» Exercise instructions: Leave out all pictures while you copy the lines exactly from the one with "Circuit Breaker MCB" through the last line of the listing.

» Dataset extract:
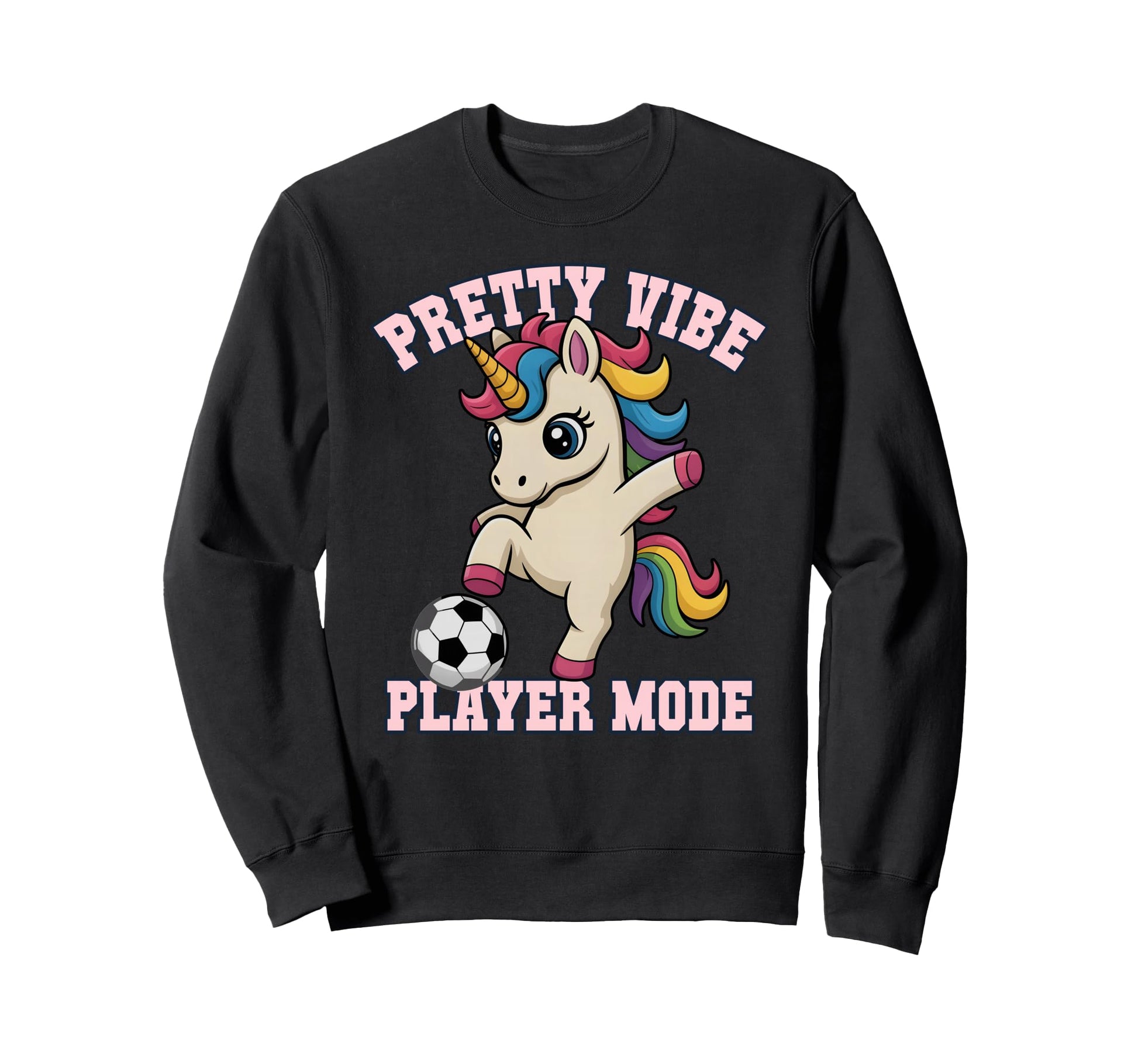 Pretty Vibe Unicorn Just Who Loves Sweatshirt - Trendy Graphic for Adults - T-Shirt, Sweatshirt, Hoodie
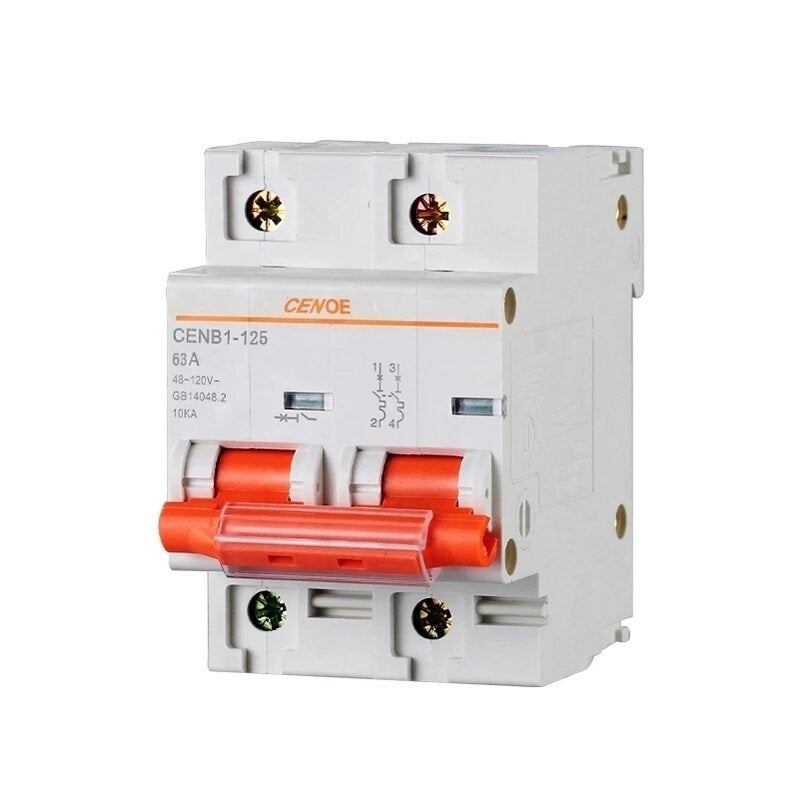 Circuit Breaker MCB Breakers with Short-circuit and Overload Protection,2P DC1000V 63A 80A 100A 125A DC Image 1
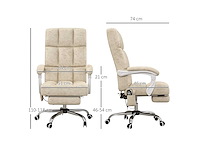 Bureaustoel met massage- en verwarmingsfunctie - afbeelding 4 van  9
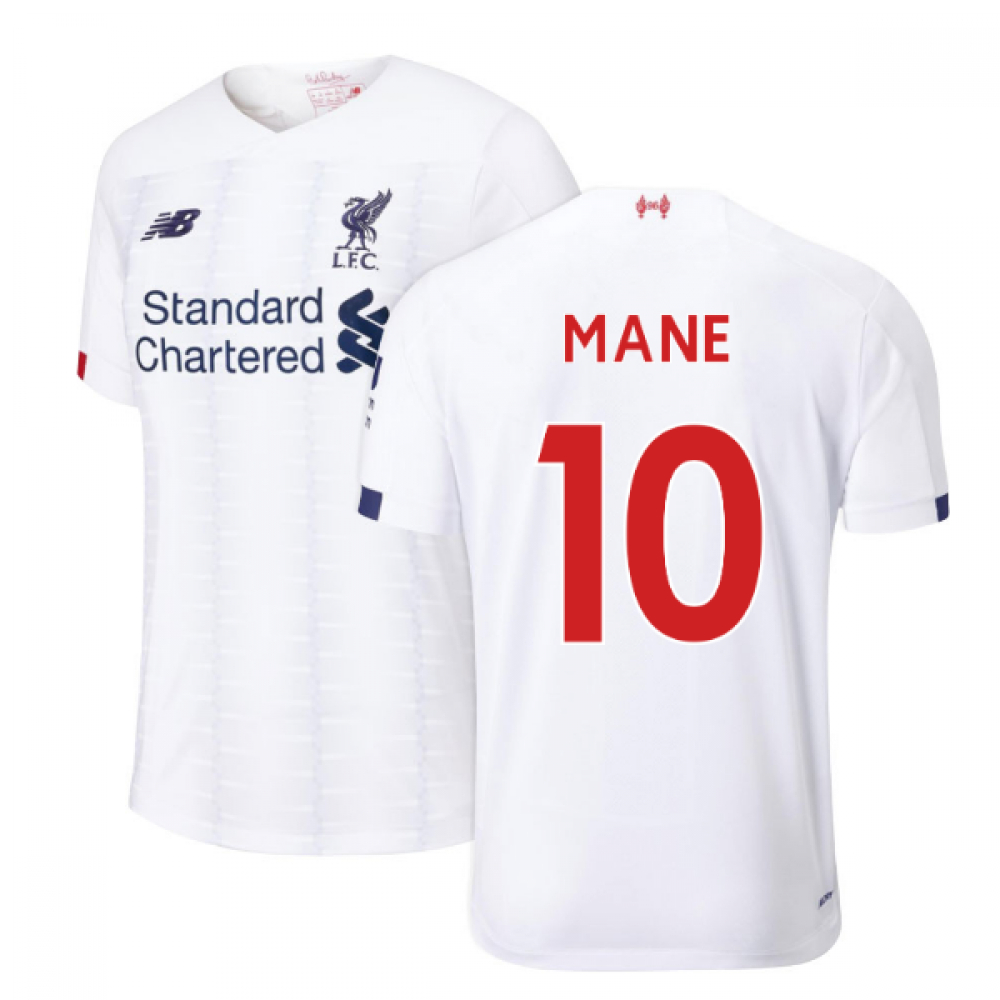 '19-'20 Liverpool Away Football Shirt (Mane 10) Polyester Made By: New Balance Men's White Xxl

» Written solution:
 Circuit Breaker MCB Breakers with Short-circuit and Overload Protection,2P DC1000V 63A 80A 100A 125A DC Image 1
 Bureaustoel met massage- en verwarmingsfunctie - afbeelding 4 van  9
 '19-'20 Liverpool Away Football Shirt (Mane 10) Polyester Made By: New Balance Men's White Xxl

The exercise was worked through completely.